Condanne confermate. La Corte di Cassazione ha messo un punto fermo nella vicenda giudiziaria che riguarda l’ex giudice per le indagini preliminari di Bari, Giuseppe De Benedictis, e l’avvocato penalista barese Giancarlo Chiariello, imputati per corruzione in atti giudiziari in un processo svoltosi a Lecce. De Benedictis dovrà scontare una pena di sette anni di reclusione, mentre Chiariello è stato condannato a sei anni.
La vicenda
Stando all’accusa, l’ex gip, in cambio di somme di denaro fino a trentamila euro versate dall’avvocato Chiariello, avrebbe emesso quattro provvedimenti di scarcerazione a favore di clienti del penalista. Diversa la situazione per Alberto Chiariello, figlio del penalista e anch’egli avvocato. La Cassazione ha, infatti, annullato la sua condanna a tre anni e un mese di reclusione. Nello specifico, per due delle accuse a lui contestate la decisione è stata annullata senza rinvio, mentre per un caso di corruzione in atti giudiziari l’annullamento è con rinvio a un’altra sezione della Corte d’Appello di Lecce, che dovrà rideterminare la pena.
In appello era già caduta l’aggravante dell’agevolazione mafiosa, inizialmente riconosciuta in primo grado nei confronti di tutti e tre gli imputati. È la seconda condanna definitiva per l’ex gip di Bari. L’anno scorso era divenuta irrevocabile la sentenza a nove anni di reclusione per il possesso di un maxi arsenale scoperto in una villa di Andria.

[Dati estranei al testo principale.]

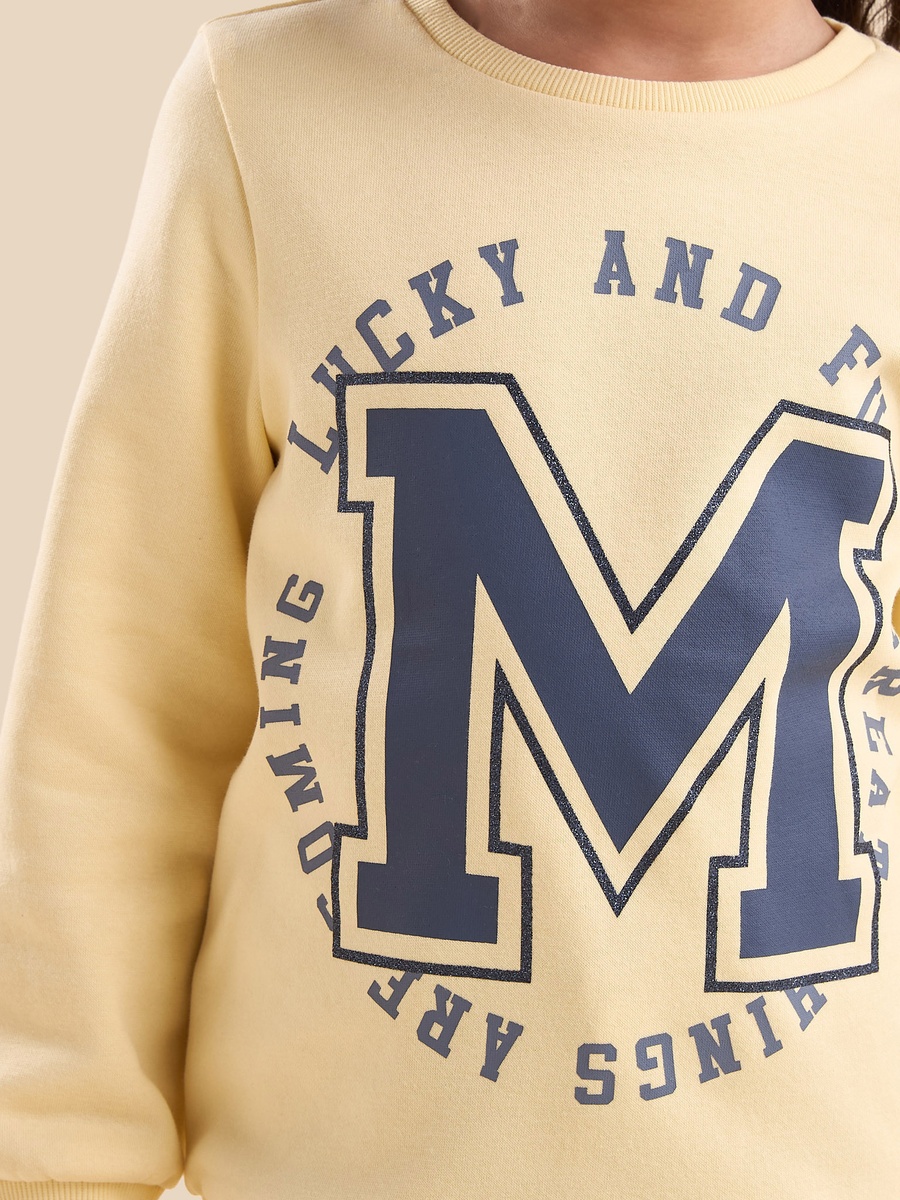 Typographic Print Sweatshirt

Un caso che aveva destato scalpore, considerando che lì furono trovate oltre duecento armi tra caricatori e munizioni.
Le altre sentenze
Si apre così un nuovo capitolo in una vicenda che alla fine dello scorso anno ha, invece, messo la parole fine all’indagine sui sette poliziotti della questura di Bari accusati di aver falsificato i verbali di distruzione di alcune armi, poi finite – secondo l’accusa – nelle mani dell’ex gip di Bari, Giuseppe De Benedictis. La gip di Lecce, Giulia Proto, ha infatti disposto l’archiviazione del procedimento a loro carico, accogliendo la richiesta avanzata dal pm Alessandro Prontera.
L’indagine era scattata in seguito alla scoperta dell’arsenale detenuto da De Benedictis. Per i sette poliziotti, la giustizia ha escluso responsabilità dirette. Difesi dagli avvocati Massimo Chiusolo, Emiliano D’Alessandro e Raffaele Pesce, i poliziotti erano stati accusati di aver firmato falsi verbali attestanti la distruzione di armi che, in realtà, sarebbero state invece consegnate all’ex gip. La procura ha però riconosciuto la loro «sostanziale buona fede». L’inchiesta, in questo caso, ha evidenziato un atteggiamento definito «superficiale» da parte degli agenti, che si sarebbero limitati a firmare la documentazione senza ulteriori approfondimenti.